* **WHAT YOU SHOULD DO**
Reproduce the listing word for word. Skip any image.

BEGIN DATA BELOW

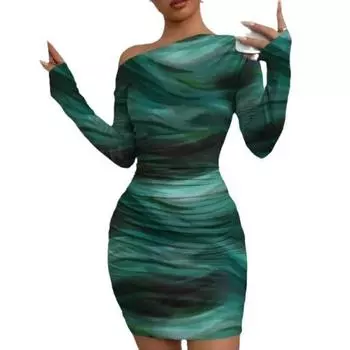 Женское модное платье Tie Dye с длинным рукавом, облегающее, Spice Girl, весна-осень S зелёный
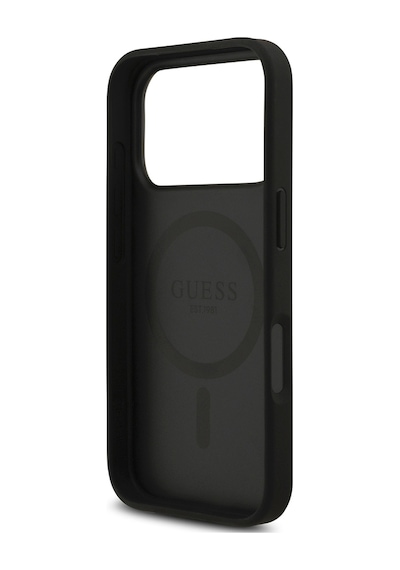 Apple iPhone Uyumlu 18 Pro Kılıf Guess Lisanslı M-safeli Pu Deri Taşlı Üçgen Logo 4g Desenli Strass Kapak Siyah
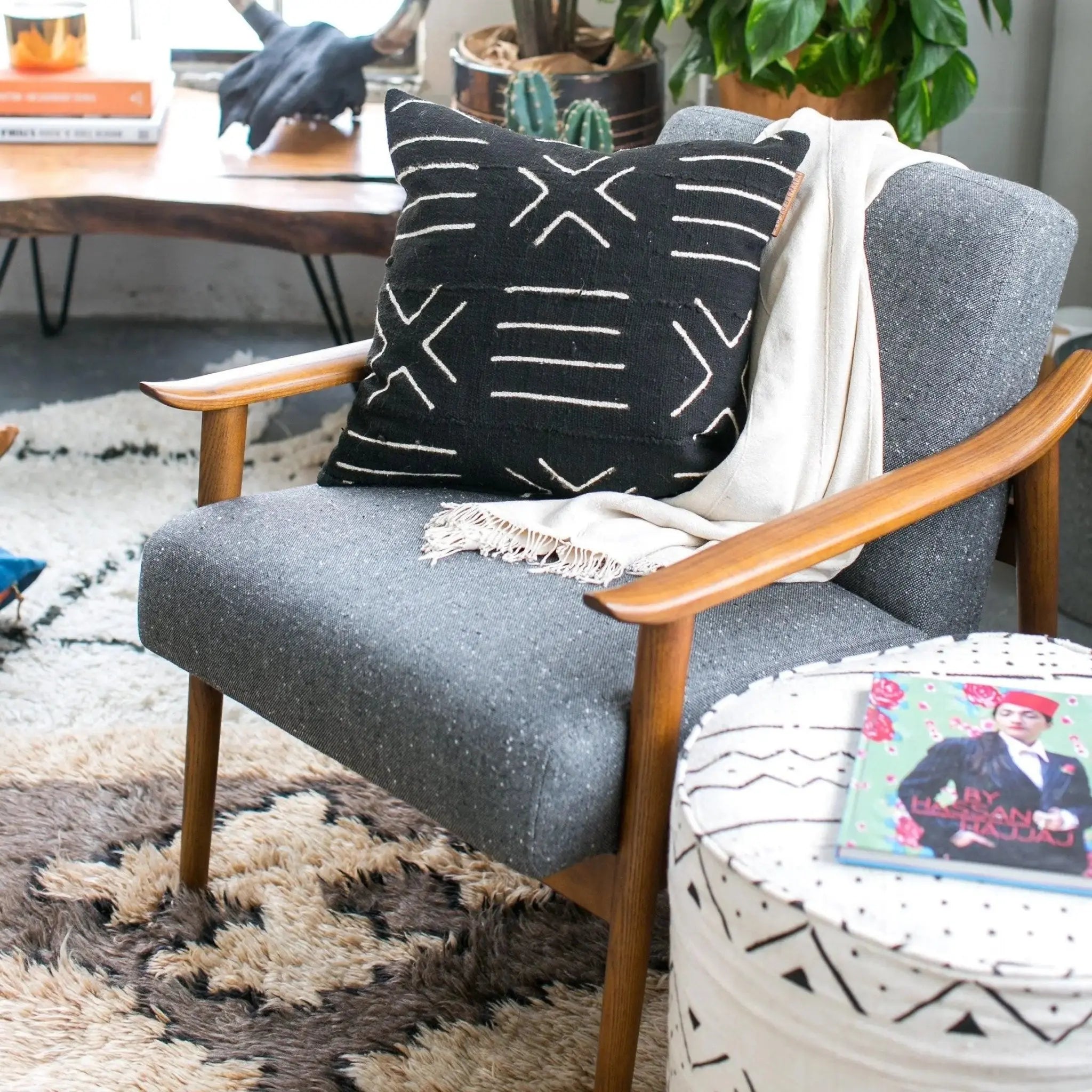 Modern Boho | Black Mudcloth Pillow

END DATA BELOW

* **REPLY TO THE EXERCISE**
 Женское модное платье Tie Dye с длинным рукавом, облегающее, Spice Girl, весна-осень S зелёный
 Apple iPhone Uyumlu 18 Pro Kılıf Guess Lisanslı M-safeli Pu Deri Taşlı Üçgen Logo 4g Desenli Strass Kapak Siyah
 Modern Boho | Black Mudcloth Pillow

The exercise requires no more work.